The CodeLink manufacturing facility, which employs some 200 people, operates on three eight-hour shifts, five days a week. Workers can park their vehicles under carports to deflect the piercing desert sun that boosts daytime temperatures to well above 100 degrees in the summer.
The fab and offices are located in a location called the Silicon Desert, a rural area where massive steel- and glass-box buildings rise above corn fields and cattle feedlots. The anchor of this high-tech collection of companies is Intel’s $2-billion Fab 12 silicon chip fabrication facility. Orbital Sciences and Boeing Iridium are located nearby with their own manufacturing facilities. The city of Chandler, which is south of the Phoenix area, is in what it calls an industrial build-out phase, in which it is encouraging industry to locate there. A residential build-out is the next phase in the city’s long term planning.
The CodeLink facility was purchased from Amkor Technology of Westchester, Pa., a contract semiconductor assembly and test services provider to the semiconductor industry. Today, a sign in the black and orange colors of the Amersham logo hangs from the top of the building. Soon that will be replaced by the GE logo, as will the unit’s business cards, stationary, websites — all the trappings of a corporate identity.
Amersham purchased the four-year-old CodeLink product line from Motorola in 2002 for some $20 million, with Hawkins, who was then a consultant to Amersham, leading the negotiations. Many of the employees in Chandler are holdovers from Motorola who have stayed through the transition to Amersham, and now the transition to GE Healthcare, after the April 8 close of the acquisition.

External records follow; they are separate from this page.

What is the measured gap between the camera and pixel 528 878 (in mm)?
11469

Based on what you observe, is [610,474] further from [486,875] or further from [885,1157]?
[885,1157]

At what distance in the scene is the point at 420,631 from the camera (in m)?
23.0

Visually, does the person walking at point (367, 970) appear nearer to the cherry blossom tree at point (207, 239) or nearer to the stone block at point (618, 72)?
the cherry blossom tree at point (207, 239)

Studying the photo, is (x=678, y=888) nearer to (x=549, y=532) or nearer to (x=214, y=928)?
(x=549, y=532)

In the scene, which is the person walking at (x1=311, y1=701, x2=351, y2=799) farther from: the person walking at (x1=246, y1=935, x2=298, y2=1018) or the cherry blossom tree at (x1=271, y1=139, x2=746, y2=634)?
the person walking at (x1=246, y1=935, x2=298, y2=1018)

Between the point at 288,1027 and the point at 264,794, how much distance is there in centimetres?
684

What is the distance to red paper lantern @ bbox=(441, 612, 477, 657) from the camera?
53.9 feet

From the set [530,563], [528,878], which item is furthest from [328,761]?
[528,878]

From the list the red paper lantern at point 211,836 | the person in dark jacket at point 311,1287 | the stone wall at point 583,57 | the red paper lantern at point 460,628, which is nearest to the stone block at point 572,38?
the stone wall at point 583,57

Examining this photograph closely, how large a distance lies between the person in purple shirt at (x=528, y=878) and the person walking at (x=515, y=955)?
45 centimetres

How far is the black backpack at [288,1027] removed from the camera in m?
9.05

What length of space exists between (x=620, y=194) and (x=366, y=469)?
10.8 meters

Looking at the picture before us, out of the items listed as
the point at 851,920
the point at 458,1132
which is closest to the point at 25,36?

After the purchase, the new owners had to move the production facilities from Motorola’s fabrication facilities in nearby Tempe to a new manufacturing facility. Although the company doesn’t divulge the cost of the new facility, which opened in February 2003, Chandler city documents pin a $5 million cost on the plant.
The factory achieved ISO 9000:2000 certification in December. ISO is an international quality standards group.
The company has also been working with independent auditors to study its manufacturing processes to prepare for regulatory compliance in the context of the molecular diagnostics market, said Sam Raha, who oversees the CodeLink product line.
CodeLink will release a whole-rat-genome catalog array this summer. A whole-mouse-genome array is scheduled for a late third-quarter or early fourth-quarter release. Additionally, the company is developing product concepts for clinical diagnostics.
“We have been working with our pharmaceutical strategic partners on how to take CodeLink forward,” said Hawkins. “We have now begun to work with our new GE colleagues to look at specific examples of how we can develop clinical in vitro diagnostic products that complement our products in the in vivo space. We see CodeLink as one of the central platforms.”
“Our mission might take us three to five years to accomplish,” said Raha. “The microarray industry is very young. We have a long-term perspective to be successful.”